Big Money, Bigger Questions

There are practical questions that follow a figure like $71 billion. Where will the money come from? Which institutions will manage it? How will projects be prioritized — housing, hospitals, water, livelihoods? And perhaps the most sensitive question: What political strings will come attached?

Historically, reconstruction in conflict zones has been a magnet for competing agendas. Donor leverage can rebuild infrastructure — and also reshape local governance. That tension explains some EU nervousness about joining unilateral or exclusionary initiatives that risk sidelining legitimate Palestinian authorities.

  • Who disburses funds: multilateral banks, UN agencies, bilateral donors?
  • Which legal frameworks ensure human rights and protect civilians?
  • How do we prevent corruption and ensure long-term sustainability?

Beyond Aid: What Kind of Future?

Reconstruction is not merely bricks and mortar. It is a test of political imagination. Will the international community fund a temporary reconstruction that leaves the same political dynamics in place? Or will donors couple infrastructure with a genuine push for a viable, internationally backed two-state solution — the political horizon that many say is essential to prevent another cycle of destruction?
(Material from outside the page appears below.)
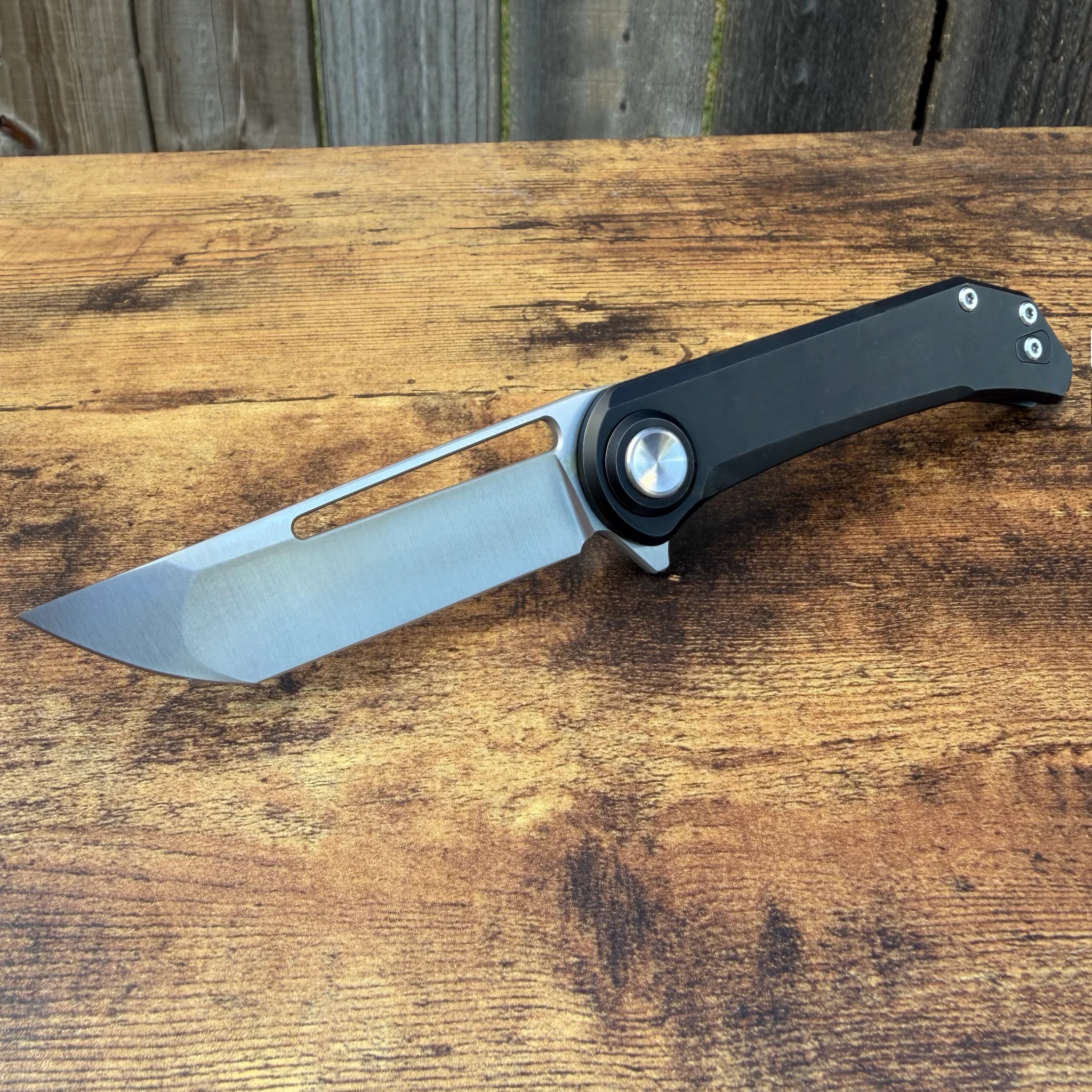 Aurora Knife and Tool Dark Tuffles Titanium S35VN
“Rebuilding without political clarity is like patching a dam with paper,” said an EU diplomat speaking off the record. “If there is no credible pathway to a two-state outcome, every investment risks becoming a bandage on a wound that will reopen.”

That sentiment helps explain why some EU members are cautious about unilateral approaches and keen to keep the Palestinian Authority central to any post-war governance. It also explains why others, alarmed by settler violence and legislative moves in Israel, are pushing for punitive measures under the Association Agreement.

What Can You Do?

As readers, we are often left with headlines and soundbites. But crises like Gaza require sustained public attention. Ask your representatives about humanitarian corridors, transparency in aid, and support for Palestinian-led rebuilding. Demand clarity about the mechanisms for disbursing funds, and insist that human rights be non-negotiable.

Can $71 billion buy peace? No. But it can buy hospitals, schools, and the dignity of having a home. It can provide a platform for political negotiations that honor the agency of the people whose lives will be most affected. The deeper question is whether the international community is ready to match generosity with political courage.

When the diplomats had left Brussels and the meeting rooms grew quiet, Kaja Kallas offered a parting provocation: “You will not find a stronger supporter of the Palestinian people anywhere in the world.” Her words were both a declaration and a challenge — to other partners, to Israel, and to Palestinians themselves. Rebuilding Gaza will test alliances, values, and the world’s willingness to turn rhetoric into durable reality.

What will we choose to rebuild: temporary shelters or a future people can believe in? The answer will reverberate far beyond one narrow strip of land.